** EXERCISE MATERIALS follows **

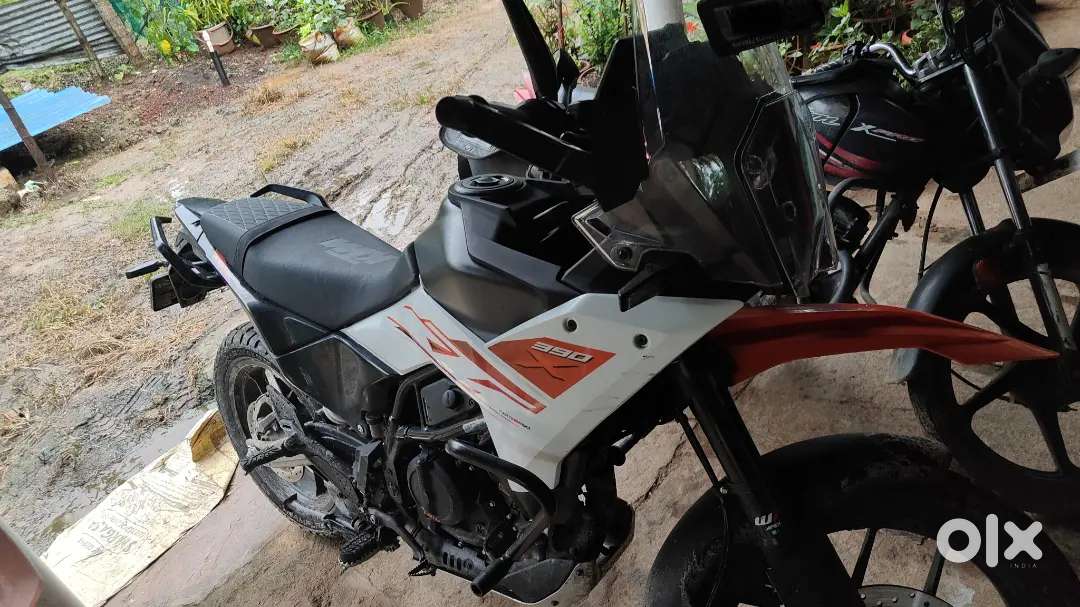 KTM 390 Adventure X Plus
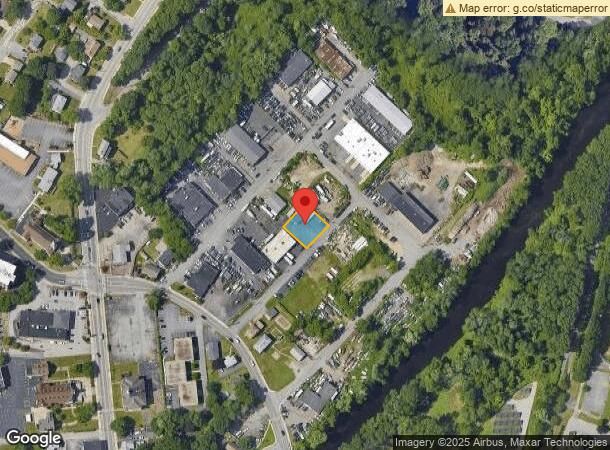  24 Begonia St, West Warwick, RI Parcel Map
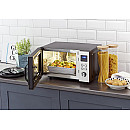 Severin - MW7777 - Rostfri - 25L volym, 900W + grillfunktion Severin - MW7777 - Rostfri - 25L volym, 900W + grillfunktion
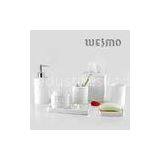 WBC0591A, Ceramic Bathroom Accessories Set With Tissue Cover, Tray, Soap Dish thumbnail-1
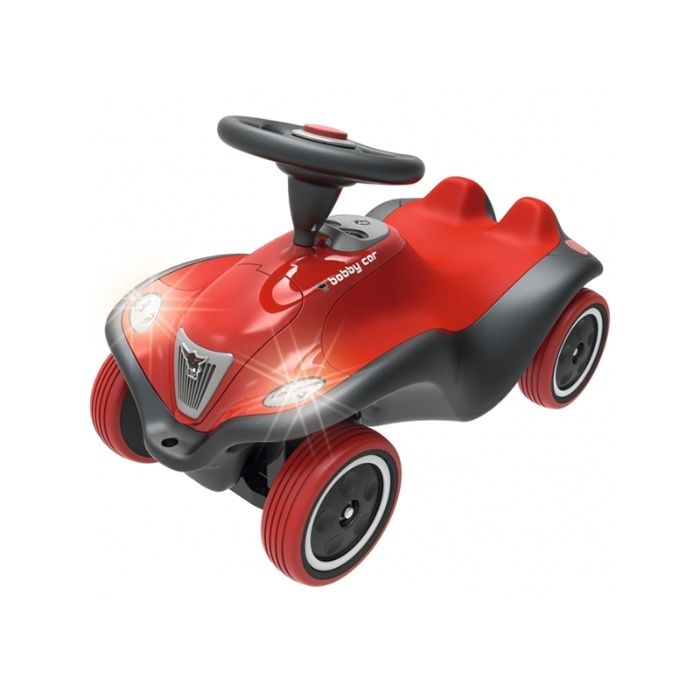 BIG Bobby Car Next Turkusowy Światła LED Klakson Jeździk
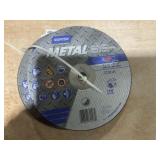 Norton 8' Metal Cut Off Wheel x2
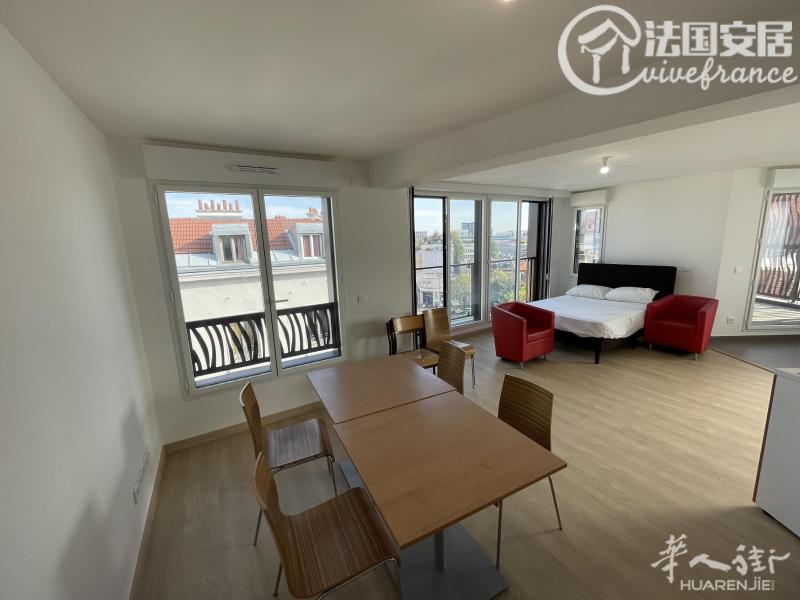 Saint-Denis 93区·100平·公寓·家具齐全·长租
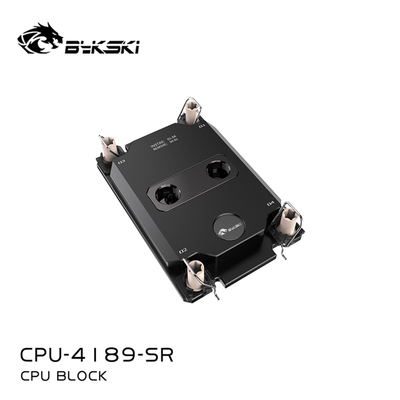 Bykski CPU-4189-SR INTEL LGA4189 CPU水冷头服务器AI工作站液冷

** End of EXERCISE MATERIALS **

## [EXERCISE INSTRUCTIONS]
Transcribe all entries above exactly. Omit the pictures.

## [ANSWER]
 KTM 390 Adventure X Plus
  24 Begonia St, West Warwick, RI Parcel Map
 Severin - MW7777 - Rostfri - 25L volym, 900W + grillfunktion Severin - MW7777 - Rostfri - 25L volym, 900W + grillfunktion
 WBC0591A, Ceramic Bathroom Accessories Set With Tissue Cover, Tray, Soap Dish thumbnail-1
 BIG Bobby Car Next Turkusowy Światła LED Klakson Jeździk
 Norton 8' Metal Cut Off Wheel x2
 Saint-Denis 93区·100平·公寓·家具齐全·长租
 Bykski CPU-4189-SR INTEL LGA4189 CPU水冷头服务器AI工作站液冷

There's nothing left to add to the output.